Have you ever wondered how to merge savings into your budget? What if there was a way to save efficiently without putting you in a panic about having enough money on hand to pay monthly expenses or for discretionary spending? Think about your spending habits for a second. Most of the time, we don’t even think twice about swiping a card or dishing out cash for smaller purchases and monthly expenses. If you live in an apartment, you pay rent. You might also have a car payment, utilities, or a mortgage. But what if you could also see savings as one of your monthly expenses? You’d probably thank yourself 10 years down the road.
The most important step in automating savings is tracking your monthly expenses. If your monthly expenses do not fluctuate much, then adding automated savings to your budget will be simple. But without some degree of predictability, the amount available for savings may be more fluid. Once you know your expenses, you are able to figure, with some confidence, the amount of surplus you will have for the month. Many people view the surplus as simply extra money that they can spend. However, from a financial standpoint, saving as much as you can of the surplus, especially at younger ages, will put you in a strong financial position in the future.
For years, companies have done this on behalf of their employees in 401(k) plans. The plans that offer automatic enrollment have the ability to electronically take a percentage of your earned income and put it towards your retirement. We can choose the desired percentage, but after that, we really don’t even look at the amount that is deposited into the plan. The goal is to mimic that with our own income in conjunction with our budgets, monthly expense, and ultimately, savings.
Automating monthly credit card payments can be beneficial because it lowers the chance that a payment could be missed. You are not even required to go online and pay it. Automating bill pay for rent, utilities, car payment, etc. can cut time and stress in addressing fixed monthly expenses. Automating savings works the same way.
Let’s focus on establishing savings and how to divide it. First, establish an emergency fund to the equivalent of 3-6 months’ worth of expenses. An easy way to do this is by opening a high-interest savings account and setting up an automatic recurring transfer on any given day of the month for say, $250. This can be done early in a month during the first pay period if you are paid bi-weekly, or during the second pay period of the month. Make regular savings a priority. What you are doing is automating the savings as if it were a monthly expense – making it more habitual and putting less thought into it. If you don’t see money that you might be susceptible to spending, you won’t hesitate to save it. The same holds true for investing. If your emergency fund is healthy and you have added cash laying around outside, automating monthly transfers from cash accounts into investment accounts allows for more growth.

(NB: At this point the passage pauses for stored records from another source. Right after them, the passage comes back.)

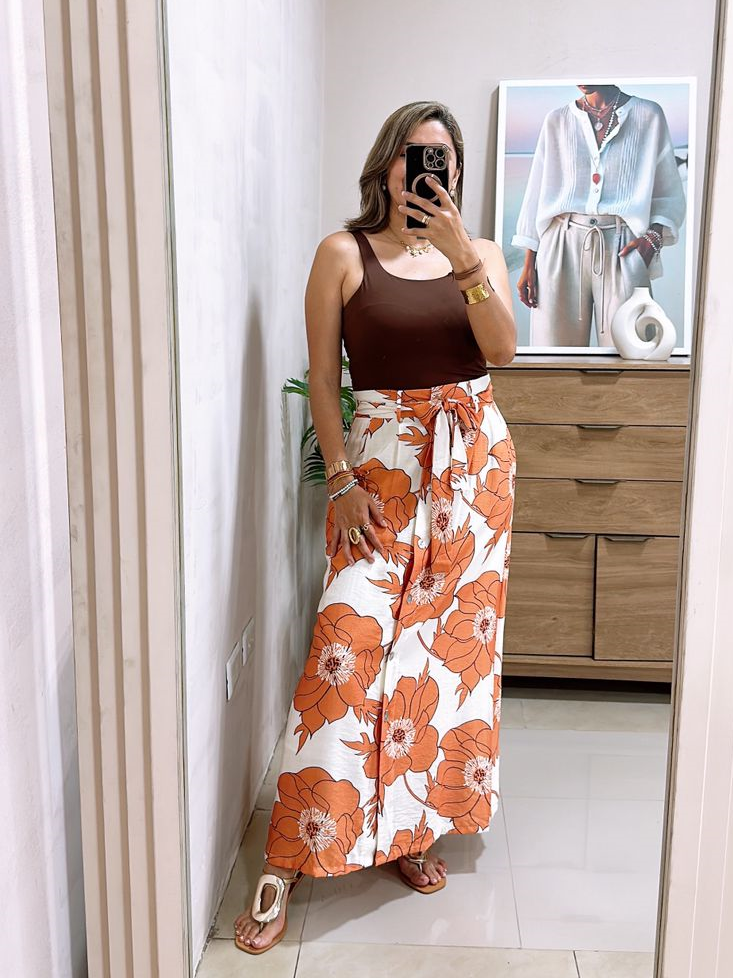 Falda corte A estampado floral y botones en frente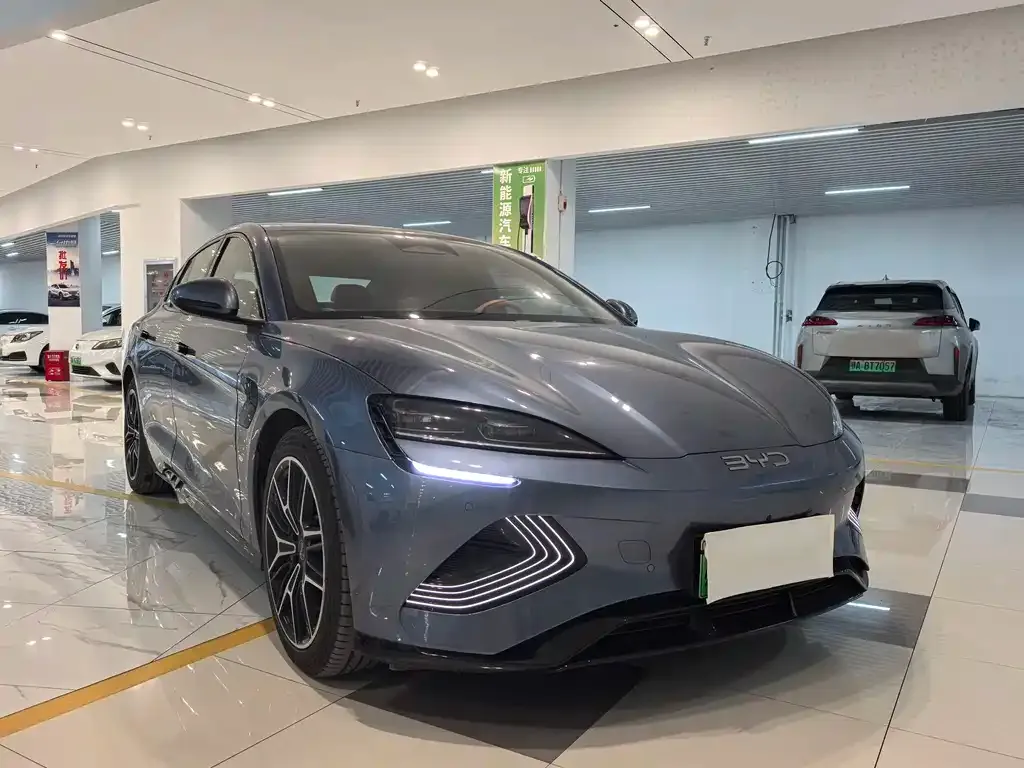 BYD Seal — фото 3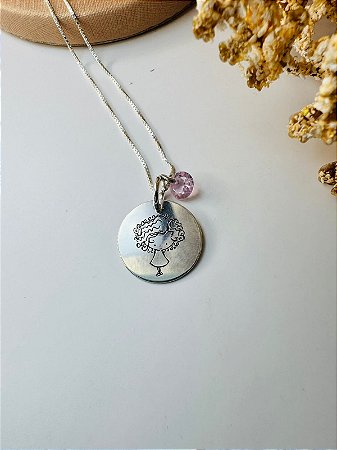 Colar plaquinha redonda menina ponto de luz rosa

If you also have specific goals such as buying a car in two years, you could create a savings account beyond that of an emergency fund. Then transfer an amount to that account each month to be allocated towards the goal you’re saving for. It depends on how you feel comfortable separating the funds. Either open another savings account separate from your emergency fund or have both held in one savings account, leaving you to be in charge of knowing what is allocated to emergency and savings goal.
If your income varies monthly, you can still set up an automatic savings plan with minimal amounts by giving yourself a task to review quarterly to make necessary adjustments. The key is creating a healthy money habit by making “Pay Yourself First” a line item on your monthly budget to make savings and investing less stressful. It may take a few months to get used to this habit, but with some practice, it will bring you peace of mind and will put savings at the forefront of your financial focus.